A Question for the Airline Pilots
Or anybody in the know I guess.
I recently did a bit of travel and a question occurred to me that I’ve had plenty of times before, but I always forget once I’m done with my traveling.
My most recent trip had 4 legs each way so I guess that helped me to remember to ask. On our takeoff, we would pick up this swaying side to side motion. Sometimes more noticeable than others but usually there. And if my memory serves me, this was just while still on the runway and goes away once all the wheels were off the ground.
I’d love to know what causes that. It seems with all that thrust pointed straight ahead, we wouldn’t be moving sideways so much.
Posted by JR
On March 29th, 2010 under Flying.
Comments: 9
Comments
Comment from MaxDamage
Time: March 30, 2010, 11:49 pm
Crosswind. Crosswinds are like gravity, you have to counter them at all times to remain standing but, unlike gravity which is constant and you’ve grown your entire life aware of and compensating for, crosswinds vary and you have to react to.
So, wind moves the plane a couple feet left, pilot adds in right rudder, you go right and he lets off, it drifts back left and he applies right rudder again, etc…
It’s also possible, on a multi-engine, to have this same sensation if one engine is not producing the same power as the other.
Your suspicion that moving ahead fast would make this less felt or noticed is easily put to rest. Let’s use gravity as an example. The falling rate is 9.8m/s^2, or about 32 feet per second squared. If you’re moving at 32 feet per second and gravity pulls you 32 feet down that’s pretty significant, a 45 degree descent. If you’re moving at mach 3 you’re still going to go down 32 feet per second, and you will feel it just the same even though your speed is higher and the relative change is less. In other words, you only feel the change in motion on the one axis, and you can have any speed on another axis but it doesn’t apply to what you feel in the seat of your pants. 1000mph going West feels the same as 10mph going East, but 10mph up or down is what you notice.

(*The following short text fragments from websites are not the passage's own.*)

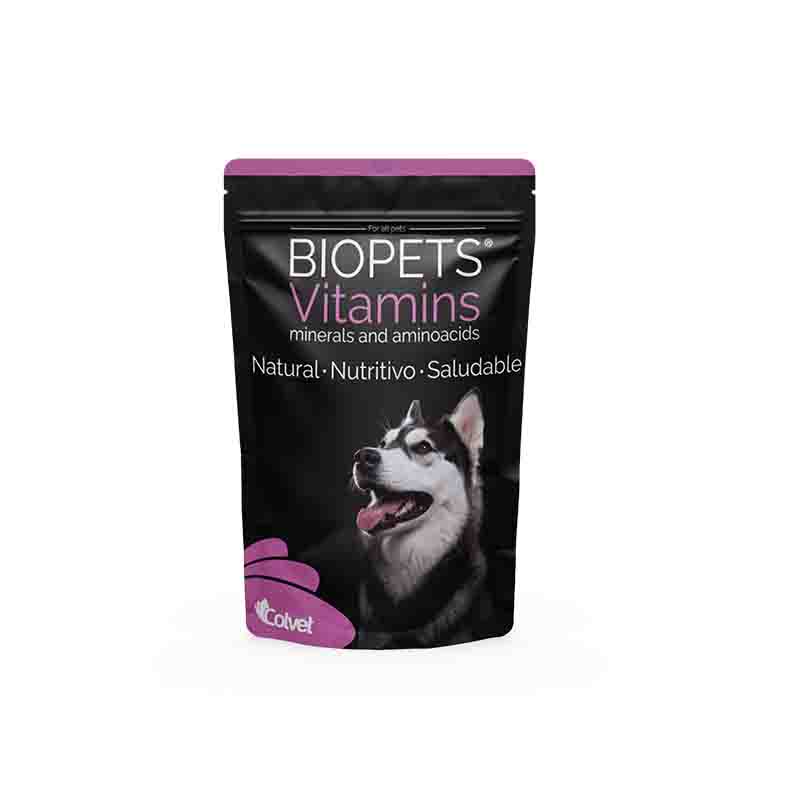 colvet-bio-pets-vitamins-minerals-and-aminoacids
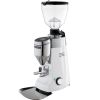 Mazzer Kony S Electronic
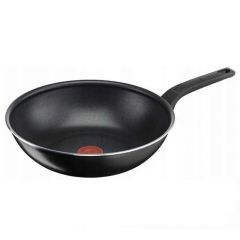 Тиган TEFAL Simply Clean WOK 28 см. B5671953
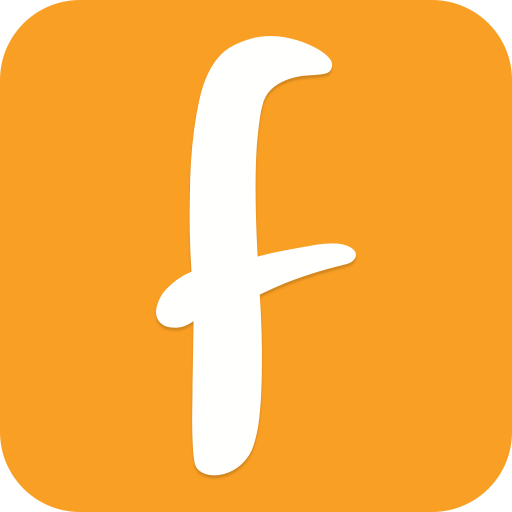 Freshop for Stores icon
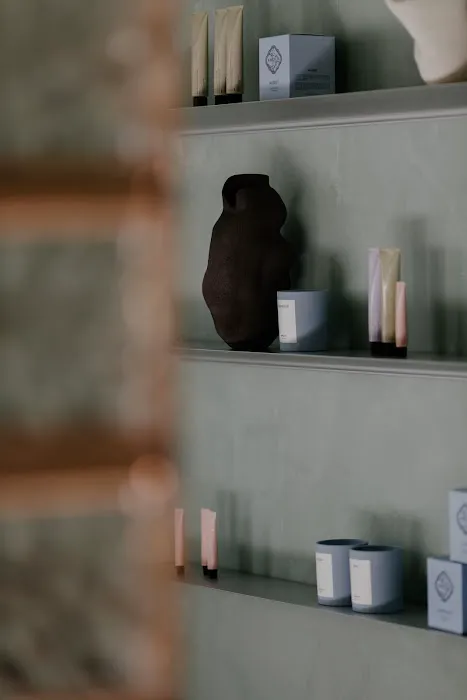 Blue Nomad Picture 5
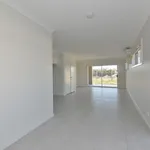 Rent 1 bedroom apartment in South Nowra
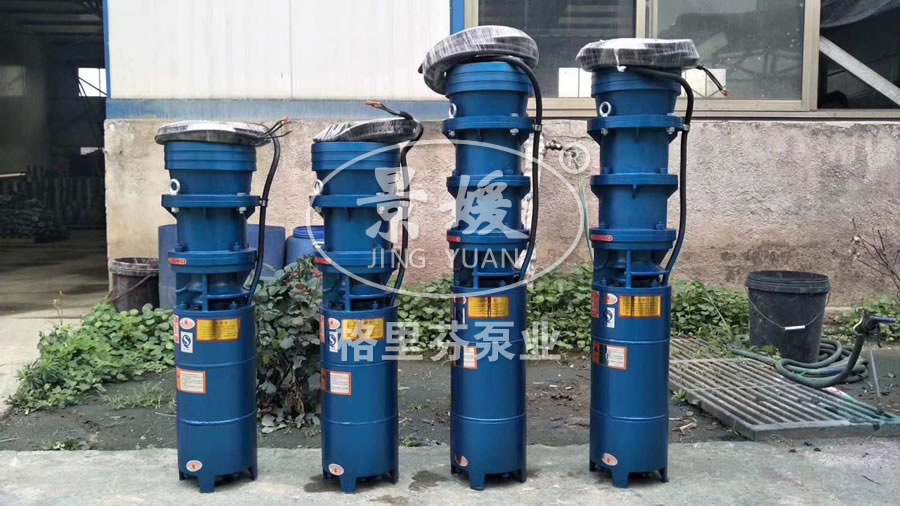 圖片7.jpg 圖片7.jpg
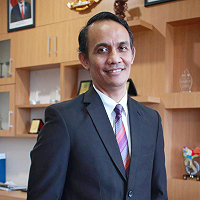 Optimisme di Tengah Pandemi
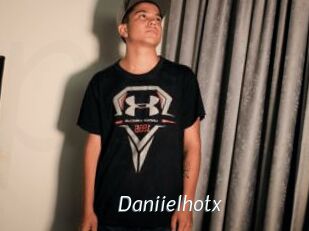 Daniielhotx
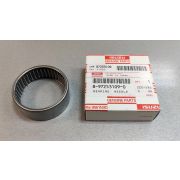 ПодшипникИгольчатый DB505504W  8-97253-109-0  55-63-24/задКПП  ORIGINAL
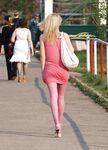 upskirt.net.ua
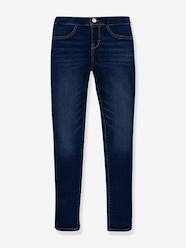 Girls-Jeans-Levi's® Pull-On Jeggings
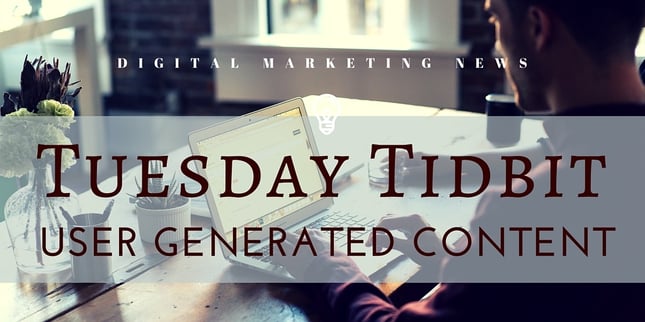 user-generated-content-definition user-generated-content-definition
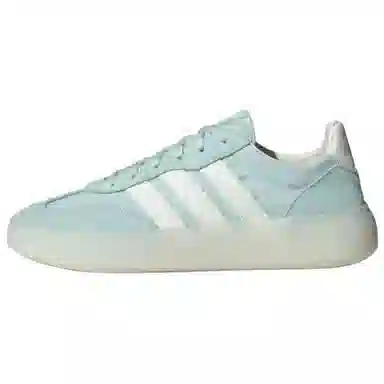adidas BARREDA DECODE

For those who have never driven a rear-wheel steering vehicle before, if you turn left it continues to turn left and will rapidly come to the point where the back end wants to swap places with the front end. In aircraft this is known as “rudder control,” given the rudder is at the back end of the aircraft. Try driving 40mph backwards in your car in a safe area to experience positive feedback in steering that a rudder provides.
So what you feel as side-to-side motion is the delay and correction the pilot applies to being off-track during the take-off run as he compensates for crosswinds or differential thrust.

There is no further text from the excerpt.